Las Vegas Sun

March 28, 2024

Friedman to stay on as head of Nevada Commission on Tourism

RENO — Larry Friedman, a longtime executive with the Nevada Commission on Tourism, is expected to serve as the agency’s director for a little longer than expected.

The commission on Tuesday unanimously affirmed a proposal from the panel’s chairman, Lt. Gov. Brian Krolicki, to keep Friedman in the position at least through the 2011 legislative session.

Friedman was named interim director last month when Dann Lewis announced his resignation. Lewis has already returned to Maine, which had been his home prior to moving to Nevada in 2009.

Friedman, a 20-year NCOT executive who has spent three years as deputy director, has spent most of his career working with the state’s rural tourism leaders. In recent years, he has overseen the agency’s international marketing initiatives.

Working with rural Nevadans has been one his greatest joys of the job.

“These are good, kind, grateful and cooperative people,” Friedman said. “And people don’t realize how attractive the rural areas are to our international visitors. They love the wide-open spaces of Nevada.”

State statutes require the Tourism Commission to deliver the names of three prospective candidates for director to the governor for appointment. Because the governor’s office is in transition and consolidation could be ahead in state government, Krolicki recommended the commission delay seeking a permanent director until mid-2011.

“Given the dynamic of the legislative session and the prospect of consolidation...who knows? The Nevada Commission on Tourism is dynamic and proven, and we have to wait to see what the Legislature does,” Krolicki said. “Larry Friedman already knows our legislative friends and will serve the needs of the agency well.”

Krolicki made his proposal and remarks about an hour before opening the 2010 Governor’s Conference on Tourism at the Peppermill Resort.

Friedman gave the commission some good news about the conference — financially, the event will finish in the black. He said the agency spent $34,000 in seed money and will end with $40,000 after expenses. He said the event is costing about $50,000 to produce.

Friedman said the agency cut corners and reduced costs on several fronts. The agency set up an online registration page, planned one luncheon instead of two, offered no honoraria to speakers, turned the networking mixers into no-host events and secured 18 sponsors, 15 providing cash and three in-kind donations.

About 250 people registered for the conference.

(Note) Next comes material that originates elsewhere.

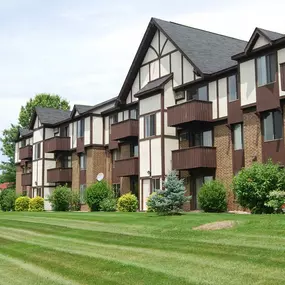 Irish Hills Apartments Exterior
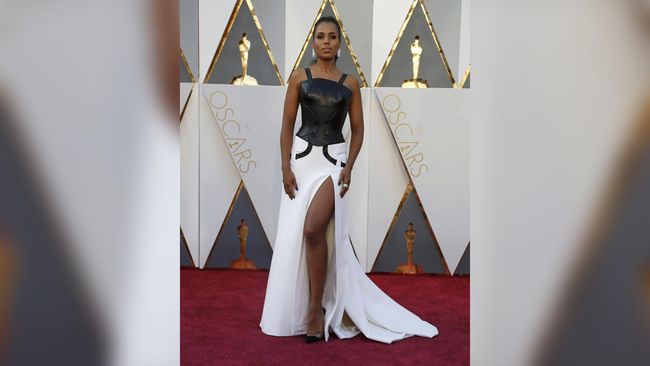 Kerry Washington memboyong "Xena" di ajang Oscar yang jelas-jelas bukan pesta kostum. Padahal selama ini ia menyandang predikat Best Dress.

In other business, the commission heard a marketing and advertising research presentation from John Packer of the TNS Global custom research firm, approved a second cycle of rural Nevada marketing grants for 75 projects and heard a proposal from students of the Reynolds School of Journalism and Center for Advanced Media Studies at the University of Nevada, Reno, to market the 2011 Governor’s Conference on Tourism in Las Vegas.